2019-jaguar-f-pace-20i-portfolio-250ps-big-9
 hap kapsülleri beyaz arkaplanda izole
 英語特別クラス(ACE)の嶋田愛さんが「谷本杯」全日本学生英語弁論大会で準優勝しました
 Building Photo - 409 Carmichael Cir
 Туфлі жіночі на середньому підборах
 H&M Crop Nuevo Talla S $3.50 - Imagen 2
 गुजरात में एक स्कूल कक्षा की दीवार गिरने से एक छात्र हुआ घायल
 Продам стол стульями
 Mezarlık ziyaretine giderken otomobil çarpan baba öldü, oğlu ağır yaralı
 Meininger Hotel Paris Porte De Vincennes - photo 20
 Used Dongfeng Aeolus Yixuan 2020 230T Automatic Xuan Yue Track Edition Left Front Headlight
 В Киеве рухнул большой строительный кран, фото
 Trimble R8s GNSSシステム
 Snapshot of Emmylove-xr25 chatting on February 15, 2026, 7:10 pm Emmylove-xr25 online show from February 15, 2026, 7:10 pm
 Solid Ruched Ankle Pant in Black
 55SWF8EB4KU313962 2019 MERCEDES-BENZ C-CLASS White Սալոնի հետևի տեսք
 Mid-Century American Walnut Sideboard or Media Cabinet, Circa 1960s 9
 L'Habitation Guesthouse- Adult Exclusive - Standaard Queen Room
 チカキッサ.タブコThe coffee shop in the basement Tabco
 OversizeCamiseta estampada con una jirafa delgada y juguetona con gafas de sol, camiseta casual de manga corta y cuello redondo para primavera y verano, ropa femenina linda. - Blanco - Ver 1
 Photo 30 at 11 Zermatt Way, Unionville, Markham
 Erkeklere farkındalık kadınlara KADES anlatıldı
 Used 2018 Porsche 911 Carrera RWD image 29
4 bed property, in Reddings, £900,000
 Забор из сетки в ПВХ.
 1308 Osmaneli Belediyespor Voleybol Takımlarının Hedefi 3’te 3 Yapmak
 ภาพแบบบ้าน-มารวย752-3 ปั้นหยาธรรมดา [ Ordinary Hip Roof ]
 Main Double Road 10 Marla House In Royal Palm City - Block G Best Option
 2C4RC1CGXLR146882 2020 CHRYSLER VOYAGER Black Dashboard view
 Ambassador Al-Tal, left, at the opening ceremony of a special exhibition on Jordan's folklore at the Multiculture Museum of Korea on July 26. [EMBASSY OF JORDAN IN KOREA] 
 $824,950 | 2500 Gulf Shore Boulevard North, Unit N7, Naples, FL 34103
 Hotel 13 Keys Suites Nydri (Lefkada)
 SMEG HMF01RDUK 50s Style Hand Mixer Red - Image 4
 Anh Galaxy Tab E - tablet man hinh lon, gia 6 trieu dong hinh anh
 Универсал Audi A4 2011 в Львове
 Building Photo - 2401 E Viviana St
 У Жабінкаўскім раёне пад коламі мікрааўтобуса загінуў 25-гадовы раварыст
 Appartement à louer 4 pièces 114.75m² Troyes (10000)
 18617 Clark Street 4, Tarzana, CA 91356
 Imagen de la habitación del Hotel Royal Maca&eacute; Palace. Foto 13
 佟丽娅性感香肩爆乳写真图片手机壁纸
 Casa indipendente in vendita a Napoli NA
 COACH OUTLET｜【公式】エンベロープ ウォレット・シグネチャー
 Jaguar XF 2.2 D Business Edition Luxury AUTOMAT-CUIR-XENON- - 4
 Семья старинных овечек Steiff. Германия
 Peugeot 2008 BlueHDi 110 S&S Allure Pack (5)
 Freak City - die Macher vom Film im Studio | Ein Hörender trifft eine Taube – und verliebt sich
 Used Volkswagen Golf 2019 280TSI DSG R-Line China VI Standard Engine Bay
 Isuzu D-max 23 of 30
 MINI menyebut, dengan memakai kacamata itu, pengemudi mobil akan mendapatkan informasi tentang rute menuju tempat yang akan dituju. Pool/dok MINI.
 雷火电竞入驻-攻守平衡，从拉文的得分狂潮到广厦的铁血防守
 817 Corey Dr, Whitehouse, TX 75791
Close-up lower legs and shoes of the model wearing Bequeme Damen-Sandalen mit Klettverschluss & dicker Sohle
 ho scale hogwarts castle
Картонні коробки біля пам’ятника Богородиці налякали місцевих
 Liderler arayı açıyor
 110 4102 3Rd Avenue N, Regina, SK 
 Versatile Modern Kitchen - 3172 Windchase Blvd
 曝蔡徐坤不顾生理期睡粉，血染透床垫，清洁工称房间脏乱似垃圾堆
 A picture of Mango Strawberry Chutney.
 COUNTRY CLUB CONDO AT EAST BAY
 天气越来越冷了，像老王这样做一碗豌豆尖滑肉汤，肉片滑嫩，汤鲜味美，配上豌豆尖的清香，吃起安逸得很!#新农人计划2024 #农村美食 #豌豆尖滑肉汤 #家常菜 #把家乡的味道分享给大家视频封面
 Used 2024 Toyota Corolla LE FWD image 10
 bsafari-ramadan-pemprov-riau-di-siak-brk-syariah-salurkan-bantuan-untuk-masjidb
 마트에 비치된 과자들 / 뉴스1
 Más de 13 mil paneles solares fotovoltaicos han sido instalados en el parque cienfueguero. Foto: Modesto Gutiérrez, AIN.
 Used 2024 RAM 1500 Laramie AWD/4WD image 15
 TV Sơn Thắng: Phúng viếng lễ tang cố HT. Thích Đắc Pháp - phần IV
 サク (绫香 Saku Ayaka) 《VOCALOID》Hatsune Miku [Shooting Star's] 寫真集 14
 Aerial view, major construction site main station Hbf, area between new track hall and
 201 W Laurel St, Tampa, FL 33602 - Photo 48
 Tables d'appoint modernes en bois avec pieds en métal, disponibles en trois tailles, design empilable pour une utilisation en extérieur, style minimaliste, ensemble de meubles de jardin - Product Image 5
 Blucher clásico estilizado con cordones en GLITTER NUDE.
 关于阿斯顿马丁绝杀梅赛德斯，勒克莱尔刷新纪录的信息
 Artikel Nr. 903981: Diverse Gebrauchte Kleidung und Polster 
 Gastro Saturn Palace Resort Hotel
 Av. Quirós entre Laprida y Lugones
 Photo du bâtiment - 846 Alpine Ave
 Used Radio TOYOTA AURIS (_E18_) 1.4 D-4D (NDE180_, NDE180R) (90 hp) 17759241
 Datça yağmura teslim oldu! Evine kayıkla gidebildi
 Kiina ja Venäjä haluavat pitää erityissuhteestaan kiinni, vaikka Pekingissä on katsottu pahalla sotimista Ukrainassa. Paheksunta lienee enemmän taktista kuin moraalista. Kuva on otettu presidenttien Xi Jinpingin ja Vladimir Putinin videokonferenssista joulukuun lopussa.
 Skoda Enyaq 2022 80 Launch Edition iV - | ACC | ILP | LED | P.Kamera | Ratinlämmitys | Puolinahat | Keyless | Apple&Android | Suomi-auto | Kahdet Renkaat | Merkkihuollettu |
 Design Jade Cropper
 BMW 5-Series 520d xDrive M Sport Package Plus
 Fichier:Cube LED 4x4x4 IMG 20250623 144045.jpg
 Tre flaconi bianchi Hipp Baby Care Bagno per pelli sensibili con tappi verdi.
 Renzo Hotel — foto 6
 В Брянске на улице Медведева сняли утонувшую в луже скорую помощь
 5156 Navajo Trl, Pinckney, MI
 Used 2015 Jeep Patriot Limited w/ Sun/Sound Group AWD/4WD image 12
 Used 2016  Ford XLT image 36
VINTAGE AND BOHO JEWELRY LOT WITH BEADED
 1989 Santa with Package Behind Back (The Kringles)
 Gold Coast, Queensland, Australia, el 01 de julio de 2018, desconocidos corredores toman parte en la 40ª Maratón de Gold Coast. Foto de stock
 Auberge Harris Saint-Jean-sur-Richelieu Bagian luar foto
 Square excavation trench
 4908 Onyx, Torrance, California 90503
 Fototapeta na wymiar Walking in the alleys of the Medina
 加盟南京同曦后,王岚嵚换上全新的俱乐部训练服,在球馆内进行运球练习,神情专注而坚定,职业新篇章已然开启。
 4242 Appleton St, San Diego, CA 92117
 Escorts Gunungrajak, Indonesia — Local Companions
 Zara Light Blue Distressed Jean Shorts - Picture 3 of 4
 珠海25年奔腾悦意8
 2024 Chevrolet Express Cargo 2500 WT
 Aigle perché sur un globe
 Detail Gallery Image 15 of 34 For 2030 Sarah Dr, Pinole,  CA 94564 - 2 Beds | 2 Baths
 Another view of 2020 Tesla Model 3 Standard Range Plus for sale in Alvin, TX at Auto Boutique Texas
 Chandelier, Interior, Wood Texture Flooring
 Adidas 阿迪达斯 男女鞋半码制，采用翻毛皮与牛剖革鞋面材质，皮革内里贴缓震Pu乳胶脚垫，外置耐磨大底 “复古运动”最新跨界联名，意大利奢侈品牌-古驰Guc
************
PROBLEM: Show all lines from the data above in which the word "Royal" appears.

EXERCISE RESULT:
 Main Double Road 10 Marla House In Royal Palm City - Block G Best Option
 Imagen de la habitación del Hotel Royal Maca&eacute; Palace. Foto 13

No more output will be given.